Photos: Chadly Johnson Words: Bob Bleed
For years I’d heard rumors of an old hot rod in a small town a few miles away from my shop. A '32 Ford coupe! I mean, this is the stuff dreams are made of, right? In my head it’s in a chicken coop or a shed in the backyard. I drove down every road, creeping in people’s yards and open garages, but it never turned up. Years went by, but I never gave up, always thinking it would turn up somehow. The car became a legend to me… a lost treasure.
Then a couple of years ago, a guy stopped in the shop, looking at some of the hot rods outside, and said, “Hey, have you ever seen Cliff Lipovsek’s old hot rod up the street in Dousman?”
He went on to tell stories of the car being a street racer in Milwaukee in the 1960’s, and that no one could beat it. At this point I was thinking, "Ah… can we go look at it right now?"

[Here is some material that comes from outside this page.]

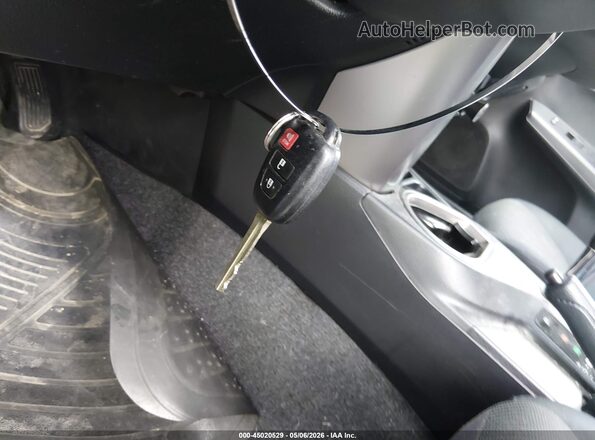JTMZFREV2HJ721358 2017 TOYOTA LE Blue Вид панелі приладів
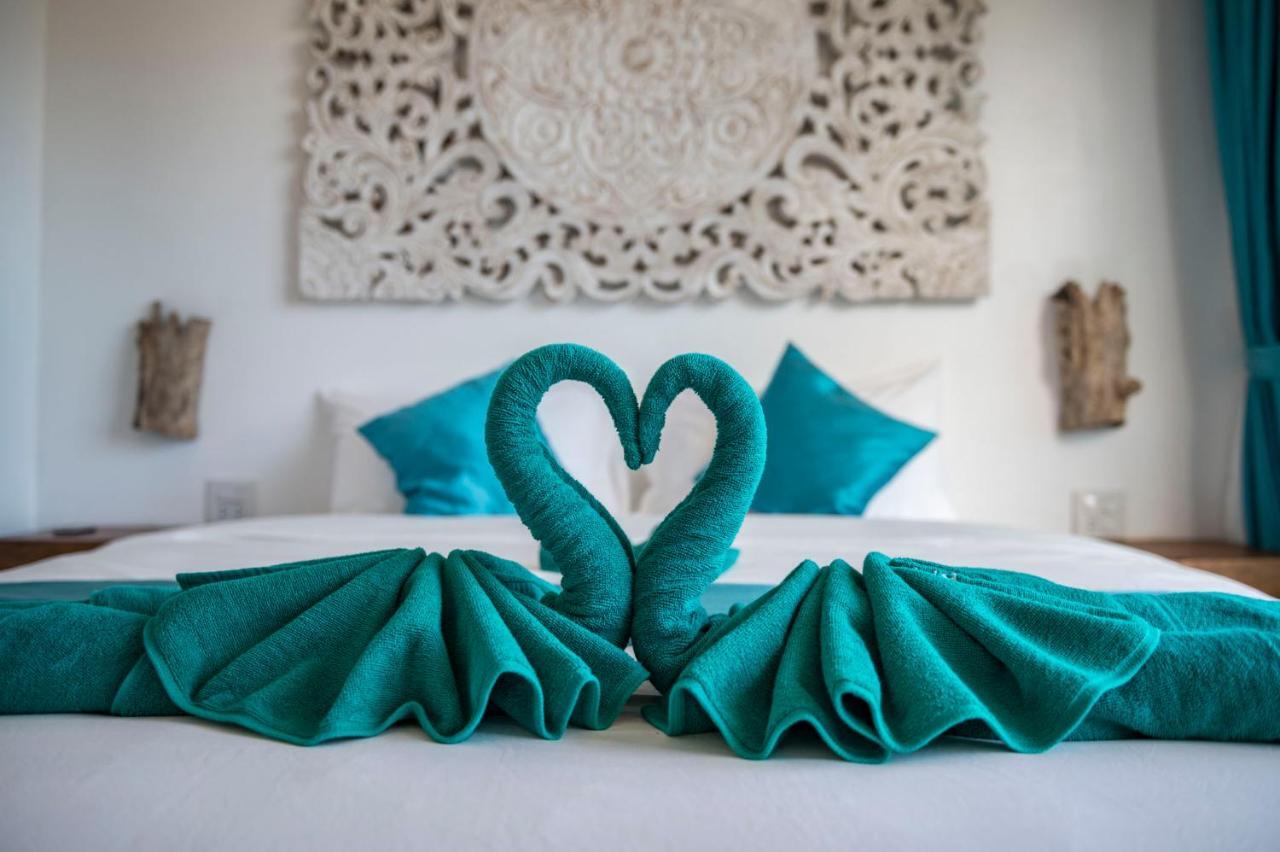 Inn By The Sea Boutique *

I got in touch with Cliff and he said it was okay to come and see the car. It was so exciting! Turns out it was in a neighborhood I had driven through countless times in my quest for this treasure. The car was all apart and tucked way back in the garage, but there it was. I couldn’t believe it!

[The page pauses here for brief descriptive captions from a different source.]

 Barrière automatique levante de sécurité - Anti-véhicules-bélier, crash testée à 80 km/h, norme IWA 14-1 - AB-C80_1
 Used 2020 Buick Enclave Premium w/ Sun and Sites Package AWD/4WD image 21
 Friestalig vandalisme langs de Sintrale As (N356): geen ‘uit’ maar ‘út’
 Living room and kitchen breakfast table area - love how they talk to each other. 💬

Turns out it wasn’t a 1932 Ford Coupe; it was a 1933 Ford Tudor, channeled, still wearing its old paint from the 1960’s. It was hard to see and had stuff piled on it, but I was sure this was the old hot rod I had heard about. At first, Cliff was a little quiet about the car, but after he saw our excitement he opened up and started telling stories of building and street racing the car with his brother. They originally built it with a 348 but changed to a 409 after they scored a wrecked police car. The '33 was channeled, had custom made headers and a roll cage… nothing fancy, but it was fast!
Back in the early 1960’s, almost every town in America had cruise spots; kids would find a strip, usually near an ice cream stand, and cars would cruise around having harmless fun. It was a golden era for sure. Milwaukee had several cruise spots, but probably the biggest was Wisconsin Avenue, the main hub of downtown Milwaukee. This was home for the little sedan, making countless passes and finding races. Sometimes guys would come from far away to race. The match would get set up on the strip and then they would head out of town to race. Sounds kind of like a movie, right? Man, it would have been fun to be part of all that, even as just a fly on the wall! Like all snapshots of life, this one came to an end when there was trouble with the 409. The engine was pulled with intentions of another motor going in, but it just didn’t happen. So the car pretty much sat apart for decades, preserving its past for us to resurrect.
I made a deal for the car and passed it on to a good friend and customer, Chris Carter. We got it back to the shop with the intention of putting it back on the road as if it was never taken apart. We located a 348, found a neat old chrome tri power intake, went through the brakes and did what we needed to make it run and drive. We made headers that mimic the ones it had and found some old seats similar to the ones Cliff had described, and soon it was time to fire it up again!
Bringing the car to life again was really exciting! It’s still crude in spots, and has things that a builder would never do today, but it has a purity that just can’t be denied. The craziest part is driving it! It’s a bruiser for sure; it just wants to go fast with no apologies! It completely rules. It’s like stepping back in time to those summer nights of street racing.
I can’t help think that maybe this isn’t the car I heard about - maybe there is another old hot rod in a garage up the street. As exciting as it was to find it, I can’t help but feel a little sad that the chase is over. So I guess I’ll keep looking, but I may never find a treasure quite like this one!